I suggest you read Engel v. Vitale, 370 U.S. 421 (1962) for a landmark case holding that offical classroom prayer in a public school violates the establishment clause. It is a good illustration of how the First and Fourteenth Amendments apply to local governments, including the executive branch. It also contains a short summary of the history of government imposed religious indoctrination through officially sanctioned prayer in England, about which the colonists were particularly sensitive, and which led to the inclusion of the establishment clause in the Constitution.

Here is a link to the full text of the decision, which isn't too long:


Engel v. Vitale

AS
 
Thank bob they're removing this dipstick scofflaw from any position of judgment on anyone else.
http://www.msnbc.com/news/954934.asp?vts=082220031935

In my view one of the best arguments against electing judges: Moore. Especially the higher up you go.
Seperation of powers is a great concept. When you politicize (elect) the judiciary it leads to this crap. Election of judges leads to them answering to their constituency rather than concepts of ordered justice.
If you were before them, and not of their constituency......bob help you.
(I have previously expressed myself on the concept of the importance of judges showing that even they are not above the law.)
 
Tony:
I asked: "how do you suggest the constitutional question surrounding this issue be resolved. "

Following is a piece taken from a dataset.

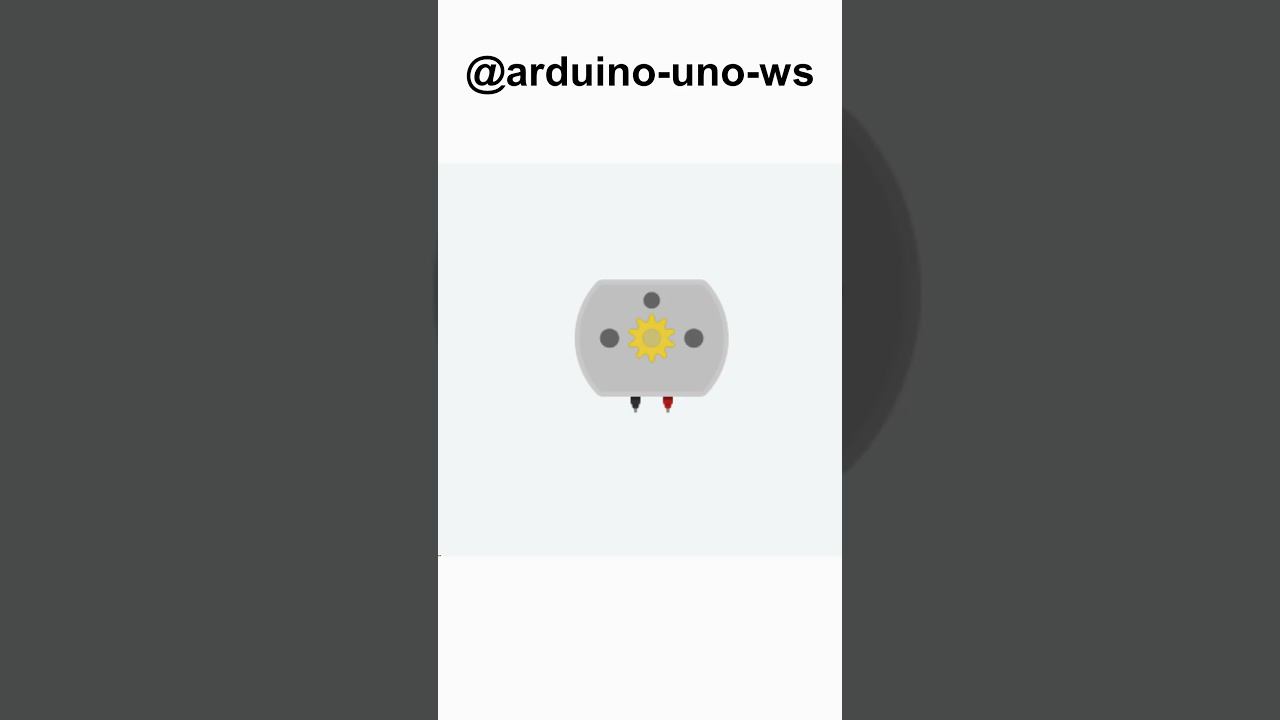 ПОДКЛЮЧЕНИЕ МОТОРА К АРДУИНО ЧЕРЕЗ ДРАЙВЕР L293D #shorts #arduino #diy #arduinouno #ардуино #поделки смотреть онлайн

You replied: "As far as Im concerned there is no constitutional question (with this particular issue). The constitution is clear"

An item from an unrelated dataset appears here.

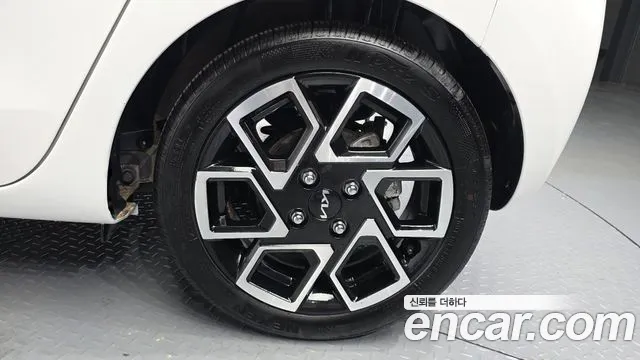 Kia RAY Новый Kia Ray Signature — Фото автомобиля 20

So it's up to you? Ok, I agree the constitution is clear and you are wrong. Now how do we resolve that disagreement.

You second chance, please answer the question:

how do you suggest the constitutional question surrounding this issue be resolved?
 
Re: Thanks Upchurch:

King of the Americas said:
This letter will appear in the Mongomery Advertiser.

What amazes me is that NONE of the believers are stating this argument.

But once, a long time ago, in a similar situation, one believer delivered a speech which incorporated your argument.

It was the year 1785, in fact, in the State of Virginia. Noted revolutionary figure Patrick Henry had introduced a bill to the state legislature which would levy a 3-pence tax on the citizens of Virginia - money which would then be used to pay "Teachers of the Christian Religion". Although this drama occurred within the legislature (as opposed to the judiciary), the idea behind the motion was the same. Alabamans are taxed to help maintain the State Judicial Building; some of those funds would be used to maintain the monument whose purpose is to "teach" the Judeo-Christian Ten Commandments - designed to send a message to "all who enter, Christians and non-Christians" (as one supporter put it), that they will be judged according to the principles of the Christian religion.

Of course, the premise that the monument "only pays homage to God and the Commandments which are the foundation of all American Law" is ridiculous. Certainly the Ten Commandments played a role - that much is undeniable; but they are only one brick in a much larger foundation. That's the point of the display in the United States Supreme Court Building, which depicts Moses, equal and alongside other great Lawgivers from our world's history. Certainly, Moses is carrying his stone tablets, but the emphasis is not on them - anyone who concentrates on them has missed the message.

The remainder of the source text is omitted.